Drunk driving arrests and accidents often involve unlikely defendants. In a 2011 case, a former Mount Vernon police officer was involved in a fatal drunk-driving accident. He was arrested for another DUI in June and could be headed to prison. Many repeat drunk drivers also have addiction and substance abuse problems. For those suffering from alcoholism, treatment options could reduce a criminal sentence and prevent future accidents. In this case, an Alabama police officer is now facing additional criminal penalties and may face prison time for violating probation and his second DUI.
Repeat DUI offenders will likely face additional and harsher penalties, especially if they were on probation or driving on a suspended license. Our Birmingham DUI defense attorneys are dedicated to providing comprehensive and strategic advocacy to protect the rights of our clients. We will take the time to review the evidence in your case and explore all available defenses. For repeat offenders or individuals who have an alcohol or substance abuse problem, it is possible to seek alternative sentencing options or to reduce penalties for those who seek treatment.
According to local reports, the officer was arrested in June with a beer hidden in his armrest. Though the officer said he hadn’t had anything to drink, police claimed a breath test indicated that the former officer was twice the legal limit. Immediately after the defendant was pulled over, police performed a series of field-sobriety tests. Law enforcement officers then searched his Ford truck and found several unopened beer cans in the passenger seat. Officers allege that there was an open can hidden behind the armrest.
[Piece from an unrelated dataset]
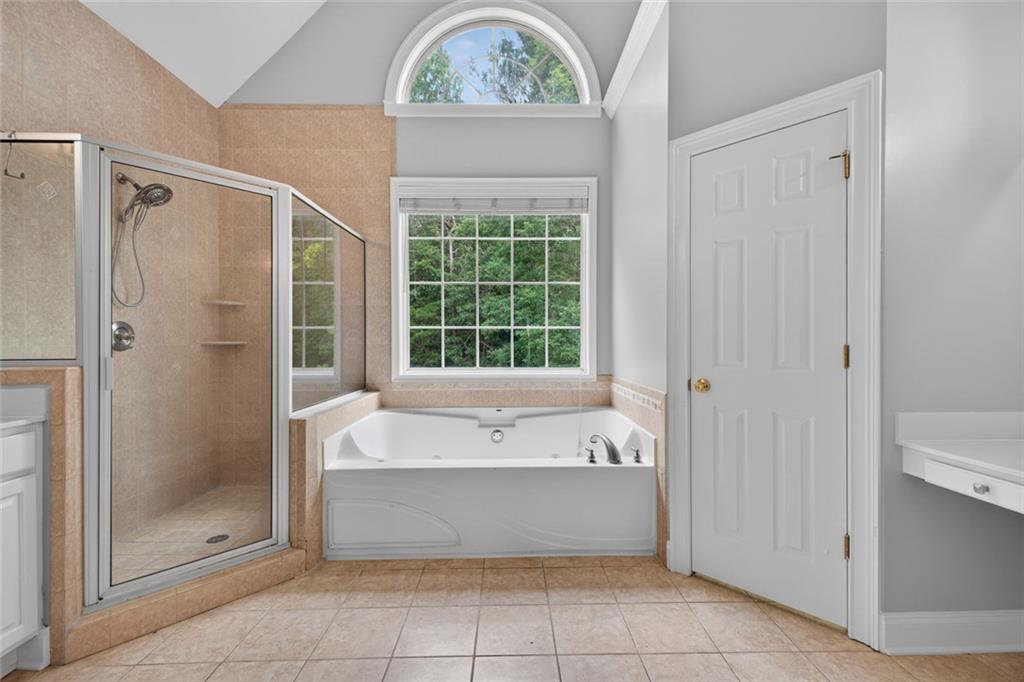 8228 River Pointe Overlook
One of the primary issues for the former officer is that the arrest took place while he was on parole following a manslaughter conviction for a 2011 fatal DUI accident. The former officer was convicted after he was involved in an accident that killed a 76-year-old woman. A Circuit Court judge sentenced the former office to 15 years in prison; however, he suspended all but one year, on the condition of a three-year probation period through 2015. It is up to the judge to determine whether the officer violated the conditions of his parole. If the court finds that the officer was in violation, he could be forced to serve the remainder of his sentence (14 years) behind bars.
Despite parole officer reports that the defendant had diligently followed regulations and court documents that state the officer was “nothing but respectful,” the DUI arrest could put him under scrutiny as he is facing very serious second-offense charges and penalties. A parole officer also agreed that the defendant never received proper counseling after the accident. It is unknown whether the officer was referring to grief counseling or alcohol treatment, but the lack of psychological treatment for the officer could have contributed to an alcohol abuse problem.
The former officer and defendant had been employed by the Mount Vernon Police Department prior to the 2011 accident. According to accident reports, he had left his second shift at a steel mill and went drinking with friends. He was on his way home when he crossed the center line on Interstate 45, striking an oncoming vehicle and killing the 76-year-old woman.